(Records from a data collection)
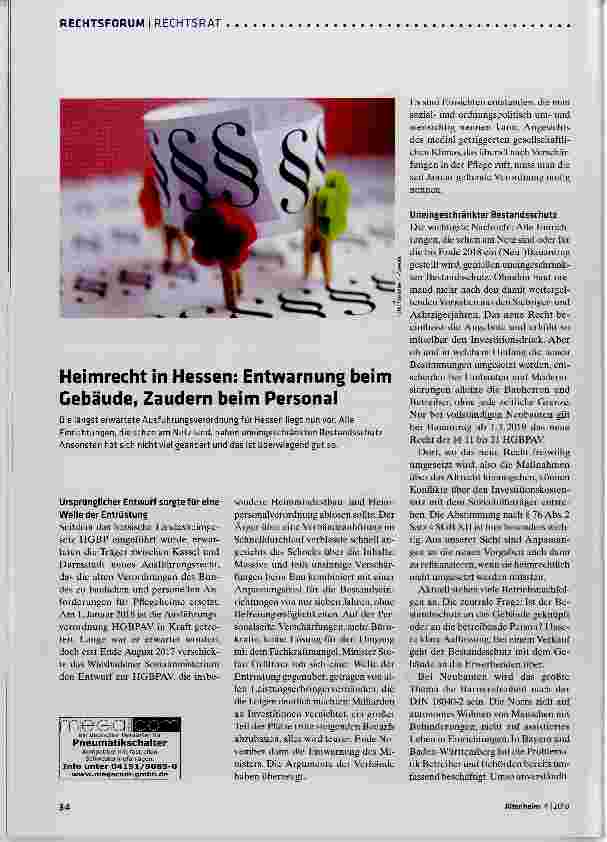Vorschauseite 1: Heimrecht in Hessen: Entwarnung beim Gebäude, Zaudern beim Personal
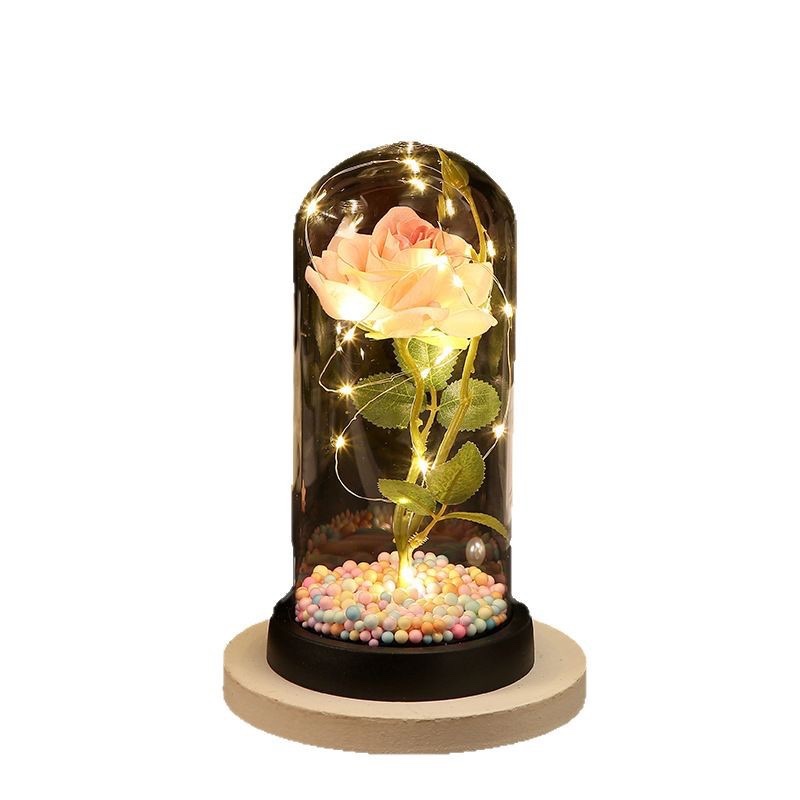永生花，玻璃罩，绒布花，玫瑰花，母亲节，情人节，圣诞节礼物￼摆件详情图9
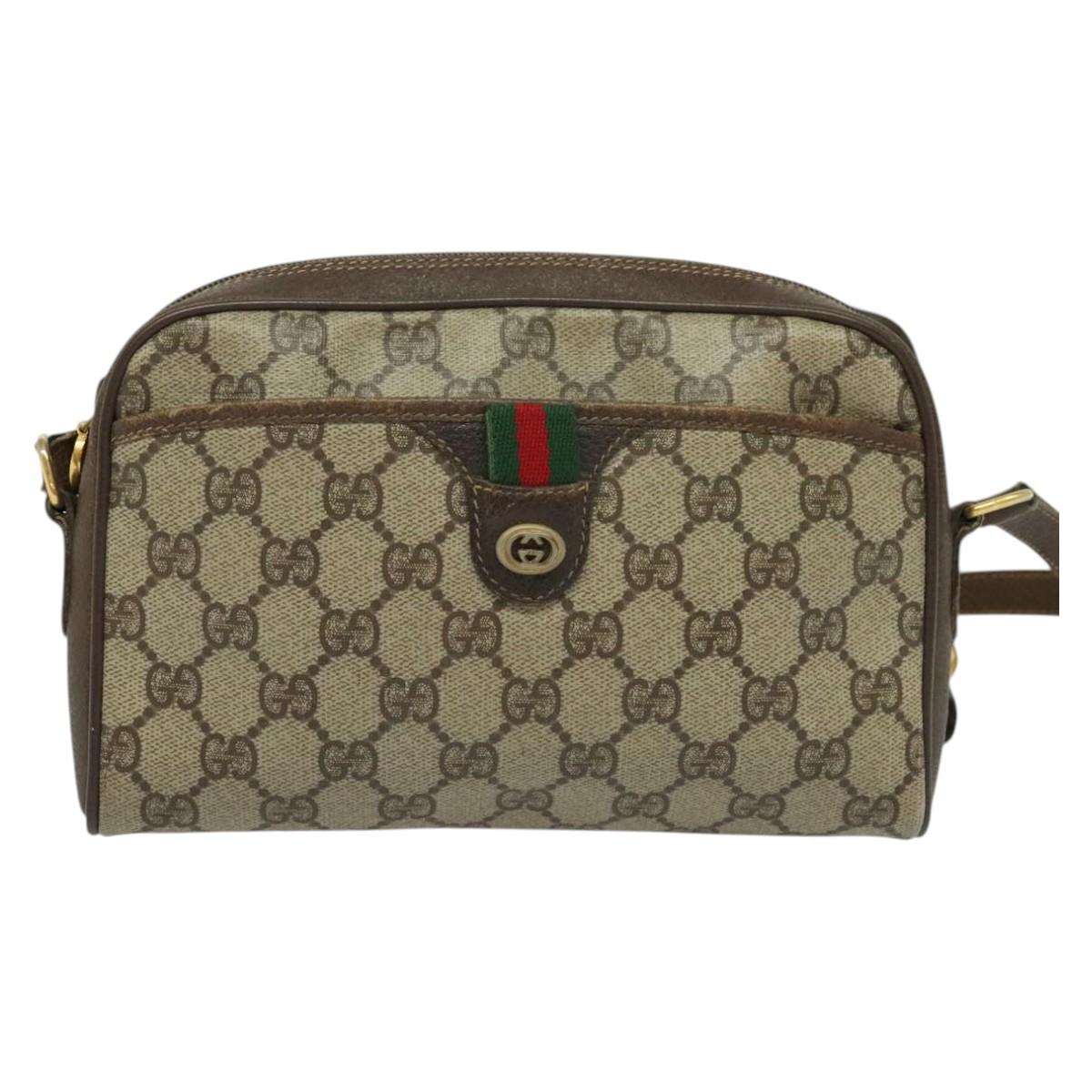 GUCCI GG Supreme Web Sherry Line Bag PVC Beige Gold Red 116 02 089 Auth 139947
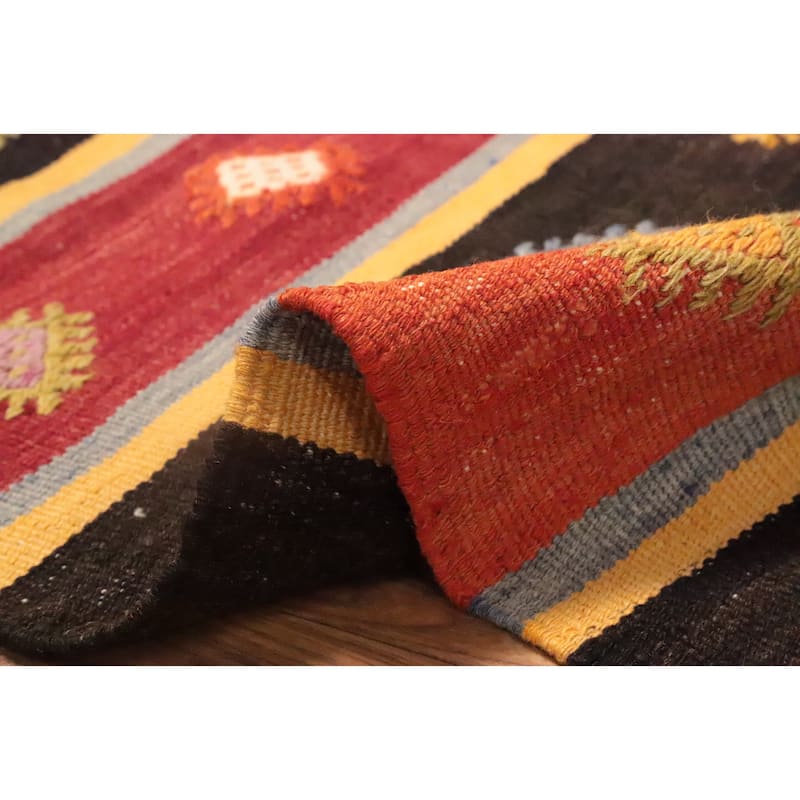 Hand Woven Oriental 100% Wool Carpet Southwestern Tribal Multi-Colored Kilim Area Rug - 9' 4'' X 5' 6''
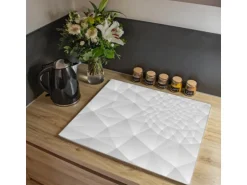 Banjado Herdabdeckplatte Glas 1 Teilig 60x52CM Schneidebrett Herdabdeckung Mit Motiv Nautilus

■ **Brief**:
Beginning with the line that contains "Hand Woven Oriental", output every line down to the last line of the entries above exactly as written, apart from the pictures.

■ **Reply**:
 Hand Woven Oriental 100% Wool Carpet Southwestern Tribal Multi-Colored Kilim Area Rug - 9' 4'' X 5' 6''
 Banjado Herdabdeckplatte Glas 1 Teilig 60x52CM Schneidebrett Herdabdeckung Mit Motiv Nautilus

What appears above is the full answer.